Pubdate: Thu, 27 Dec 2001
Source: BBC News (UK Web)
Copyright: 2001 BBC
Contact: http://newsvote.bbc.co.uk/hi/english/talking_point/
Website: http://news.bbc.co.uk/
Details: http://www.mapinc.org/media/558
Author: Emma Jane Kirby

BUSINESS BOOMS AT SWISS HEROIN CLINIC

Twenty people queue up in a room thick with cigarette smoke.

A man reading a local paper checks his watch impatiently, and from time to 
time he scowls at the heavy door at the front of the queue.

The door opens suddenly and the two people at the head of the line push 
through.

They look as if they might be collecting unemployment benefit checks or 
social security payments but they are not. They have come here for a 
syringe full of heroin.

In the next room, which is incongruously set out like a classroom, 10 
heroin addicts are shooting up at tables while doctors look on.

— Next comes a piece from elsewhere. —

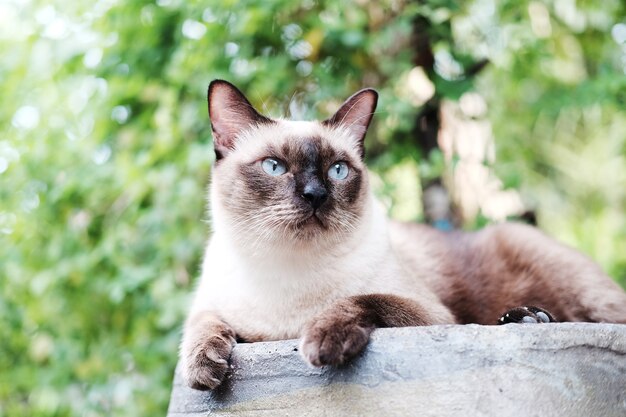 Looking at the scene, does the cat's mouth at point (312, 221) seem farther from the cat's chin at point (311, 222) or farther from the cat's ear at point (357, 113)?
the cat's ear at point (357, 113)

"It's not a cosy atmosphere - it's not meant to be like a coffee house - 
they shoot up, and they leave," says Dr Christoph Burki, the Director of 
the Koda heroin prescription scheme in the Swiss capital Berne.

"We don't want them enjoying their euphoria in here - they can do that 
outside."

Dramatic rethink

Since 1994, Switzerland has been giving hardened drug addicts free heroin 
on prescription in a bid to stabilise the health of current addicts and to 
protect the public from the open drug scene.

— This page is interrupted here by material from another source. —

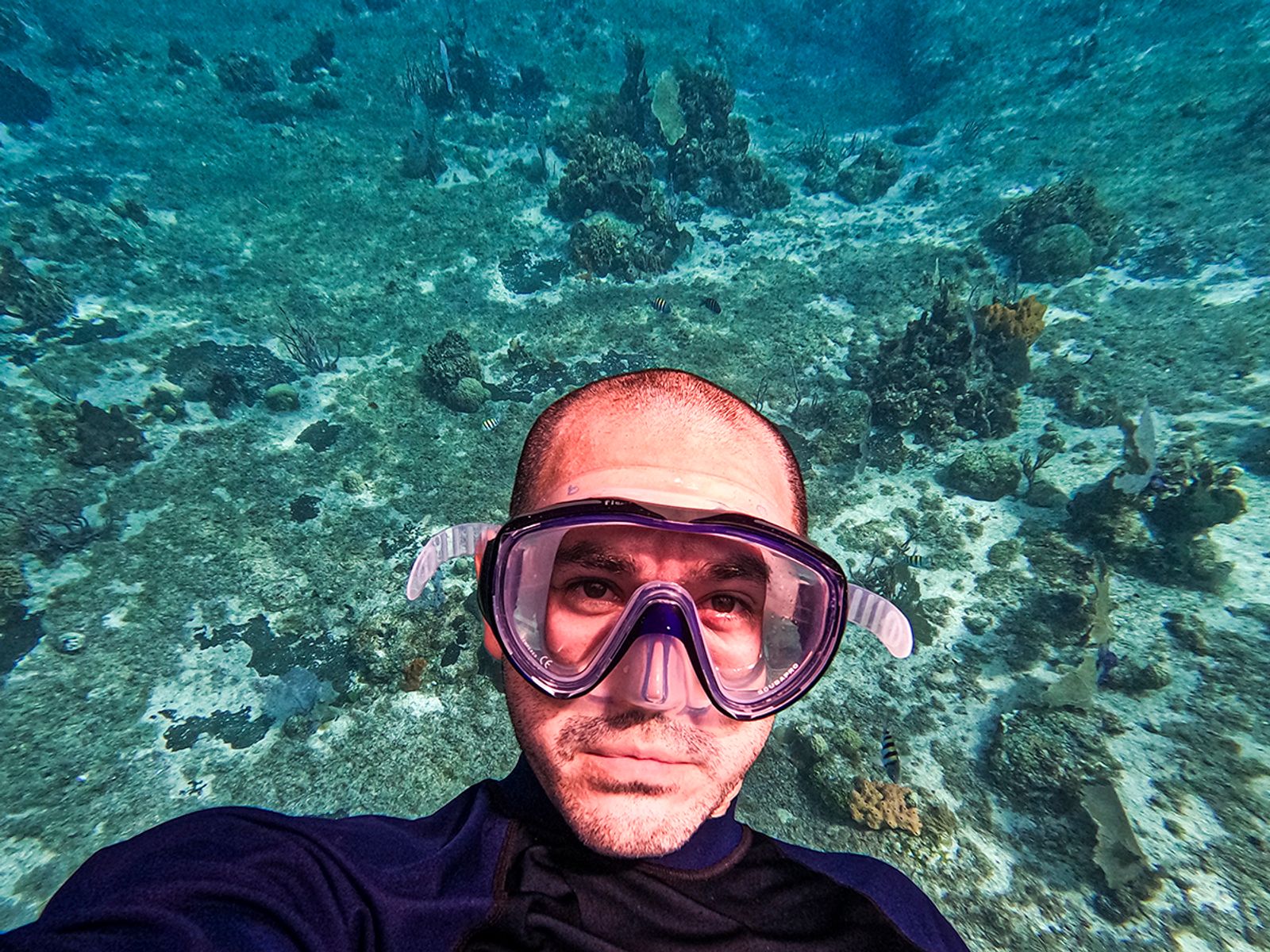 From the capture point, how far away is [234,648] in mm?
7445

It was part of a dramatic rethink of the government handling of the drug 
problem in Switzerland, which by the early 90s had reached epidemic 
proportions, leaving a country of just seven million with more than 30,000 
people addicted to hard drugs.

"We had to do something," says Ueli Loecher from the Department of Public 
Health in Berne.

"We tried an approach of repression and intolerance, treating heroin 
addicts as criminals, but it simply got us nowhere.

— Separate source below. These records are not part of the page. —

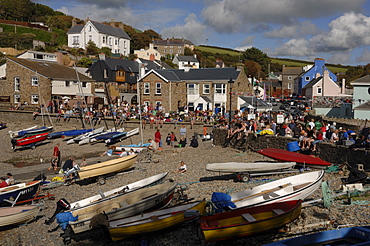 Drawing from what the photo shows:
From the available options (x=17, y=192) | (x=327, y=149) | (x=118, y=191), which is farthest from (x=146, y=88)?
(x=118, y=191)

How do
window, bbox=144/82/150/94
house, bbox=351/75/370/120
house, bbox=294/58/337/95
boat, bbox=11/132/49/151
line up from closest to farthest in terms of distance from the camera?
boat, bbox=11/132/49/151 < house, bbox=351/75/370/120 < window, bbox=144/82/150/94 < house, bbox=294/58/337/95

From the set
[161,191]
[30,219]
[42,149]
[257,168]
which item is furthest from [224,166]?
[42,149]

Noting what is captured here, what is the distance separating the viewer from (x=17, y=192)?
51.9 feet

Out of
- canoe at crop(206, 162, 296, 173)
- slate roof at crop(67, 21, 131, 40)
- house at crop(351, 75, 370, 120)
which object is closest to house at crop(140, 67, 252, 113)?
house at crop(351, 75, 370, 120)

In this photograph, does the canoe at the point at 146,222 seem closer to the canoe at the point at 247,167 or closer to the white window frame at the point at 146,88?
the canoe at the point at 247,167

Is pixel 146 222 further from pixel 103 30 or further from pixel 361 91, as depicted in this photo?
pixel 103 30

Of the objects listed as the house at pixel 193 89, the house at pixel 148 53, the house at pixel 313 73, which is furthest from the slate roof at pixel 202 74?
the house at pixel 148 53

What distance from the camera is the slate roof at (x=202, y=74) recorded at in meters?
44.3

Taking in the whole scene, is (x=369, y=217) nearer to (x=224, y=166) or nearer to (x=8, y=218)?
(x=224, y=166)

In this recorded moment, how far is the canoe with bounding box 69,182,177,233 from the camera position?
12539 millimetres

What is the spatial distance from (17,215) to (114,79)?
4242 centimetres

"We had to recognise that these people had a serious health problem."

The scheme is only open to extreme addicts, with mental and physical health 
problems, and with a history of at least 10 years of hard drug abuse, and 
several serious previous attempts to come off heroin.

The scheme got official federal and public approval when the initiative 
came before two national referendums in 1997 and 1999, and there are now 20 
clinics across the country.

"The results were remarkable. Seventy per cent of addicts remained in the 
treatment programme and went on to methadone programmes or detox programmes 
and became drug free," says Mr Loecher.

"While in the programme, their health situation improved, physically and 
mentally, their social integration improved, their criminal activity 
decreased significantly and overall the outcome was that they could be 
stabilised, they could hold jobs and they went back into society."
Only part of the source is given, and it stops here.